Guest Bite: Butternut Squash Soup from Parke5


Today’s delicious recipe comes from Chef Ryan Parkes of Parke5 Personal Chef Services.  Parkes grew up in a small town called Wanaque in Northern New Jersey.  He graduated from the French Culinary Institute in New York City and has had a fascinating career working with some of the best chefs in our area.  He now resides in Bergen County and all the services that he provides whether it be  personal dinner packages, dinner parties or cooking lessons,  is prepared and served in the client’s kitchen. For more on Chef Parkes check out his bio below.


3 Butternut Squash 1 inch cubes

4 shallots minced

4 cloves of garlic minced

2 celery chopped

1 carrot chopped

48 oz chicken broth, homemade would be ideal

pinch of cayenne

1 sprig of thyme

2 bay leaf

salt and pepper

1/2 cup of heavy cream is optional


Sweat onions and garlic in vegetable oil over medium heat in soup pot. Add squash, celery and carrots. Cook for about five minutes then add the broth, cayenne, thyme and bay leaf. Bring to a boil, lower heat to a gentle simmer and cover. Cook until butternut squash is fork tender. Ladle small batches to a blender and puree. Be careful when blending hot soup. Add salt and pepper to taste.

RyanChef Ryan Parkes:

Growing up, we were fortunate enough to sit down every night to a home-cooked meal which my mother prepared with love for the five{5} of us!  Every night, during the week, it was an unspoken tradition to sit down at the table,  enjoy the company of family, the food my mother had just cooked and share conversation.

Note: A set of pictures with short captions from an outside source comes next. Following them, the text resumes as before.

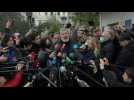 Nobel Peace prize winner Dmitry Muratov arrives for press statement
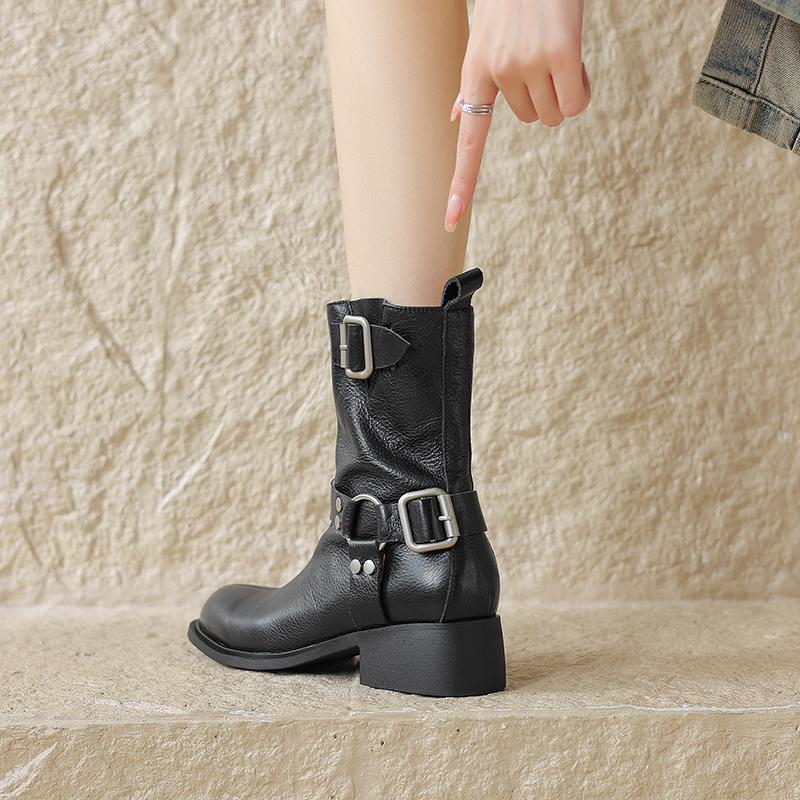 Fashion 2024 Autumn Women Boots Genuine Leather Women Shoes Round Toe Chunky Heel Boots Winter Modern Boots Mid-calf Platform Boots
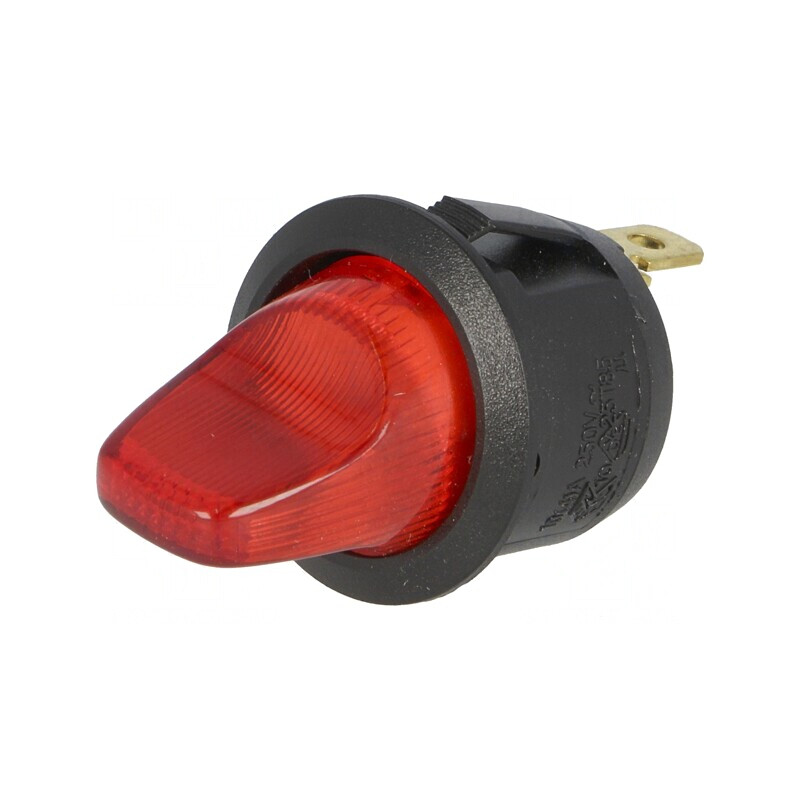 Comutator ON-OFF 10A/250VAC cu Lampă Neon Roșie 230V | Electronic-mag.ro | Componente Electronice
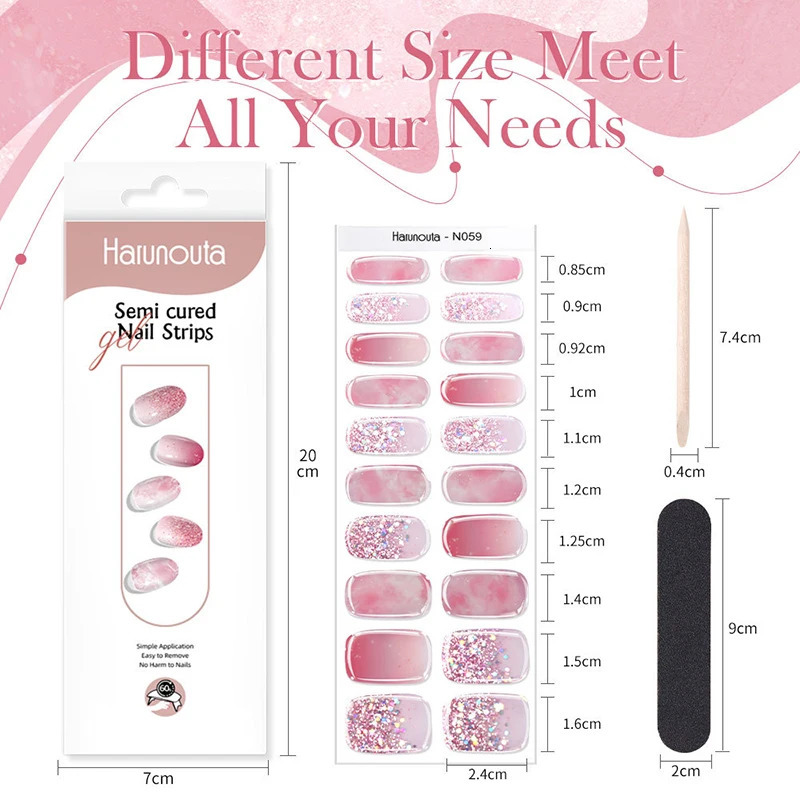 4pcs/set Gradient Jelly Semi Cured Gel Nail Strips Nude Pink Waterproof Nail Stickers Long Lasting Wrap Need Harden In UV Lamp 241225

While I was attending college, working toward my business degree, I remember receiving a phone call from my brother, saying the two of us should open a restaurant one day as we both shared a love of cooking.  To say the least, I never finished that semester of school and enrolled at the French Culinary Institute in New York City.

While waiting for school to start, I took my first restaurant position as a line cook under the guidance of Chef Annie O’Hare at the Lenox Room in New York City.  That was my first glimpse behind the scenes of a restaurant kitchen.

Upon graduation, I went to Martha’s Vineyard for the summer and worked at the island’s favorite Homeport Seafood Restaurant.  After returning to the mainland that fall, I joined the opening team at Copeland, a fine dining American cuisine restaurant in Morristown, NJ.  Chef Thomas Ciszak and Chef Holger Strutt were my mentors, teaching me the art of cooking and the skills needed to do so.  I worked the raw bar, garde manger, fish and meat stations learning every aspect of each from my mentors.  After a much grateful stay at Copeland, I longed to work in New York City again and found a job working with “Iron Chef” Morimoto at his Japanese sushi restaurant in Chelsea Market.  There I picked up Japanese flavors and techniques along with the simplicity of cooking fresh food.  The next stop for me was Gramercy Tavern in New York, the “Most Popular Restaurant” in the city, according to Zagat.  The menu was driven from farm raised cattle and produce and showed me  the importance freshness.  All the ingredients came from the Union Square Market and local farmers.

These experiences taught me something I could never learn in a book and fuel my passion of cooking.  I am very fortunate to have found my passion and I love what I do.